Firoze Tughlaq can rightly claim some credit for our understanding of the Brahmi script and of the tolerant and inclusive vision of Asoka, because it was after detailed study of this pillar that James Princep was able to decipher the Brahmi script in 1837.
Popular superstition has invested the pillar with supernatural powers, it is believed that the Djinn of the laath (pillar) can grant any boon and hundreds congregate here every thursday, lighting lamps, praying, asking for the blessings and munificence of the Djinn. The Djinn can apparently read several languages because the devotees leave behind letters to the baba of the laath, who, it is believed, will read them and address their grievances.

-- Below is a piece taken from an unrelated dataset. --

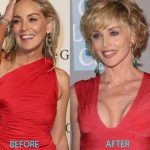 Sharon Stone plastic surgery (36)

The third significant structure that has not fallen into utter ruin inside the citadel is a circular stepped well or baoli. The baoli located to the northwest of the Asokan Pillar has many underground enclosures that would have provided a welcome escape from the searing summers of Delhi. There rare traces of a drain leading off from the Baoli in the general direction of where the river would have been at the time of Firozeshah Tughlaq.
You can only view the Asokan pillar from the lush green lawns, because ugly iron fencing has been placed all around the structure, the baoli has also been similarly imprisoned.
I fail to see the logic of this. Here is a city that boasts of more singularly remarkable monuments than many countries can ever dream of possessing, and yet we keep them under lock and key. The only place that is open is the mosque and those who have control of the place care two hoots for the architectural, cultural, archaeological and historical worth of the place.
I have said it earlier and I say it again, in case a protected monument is in use- any kind of use- those using it should not be permitted to alter the structure in any manner. Appoint more guards, educate them, turn these monuments into places that are more inviting, let people see them and internalise the processes that have made us into what we are today. Without this cricket enthusiasts will continue to think that Ferozeshah Kotla is only a cricket stadium.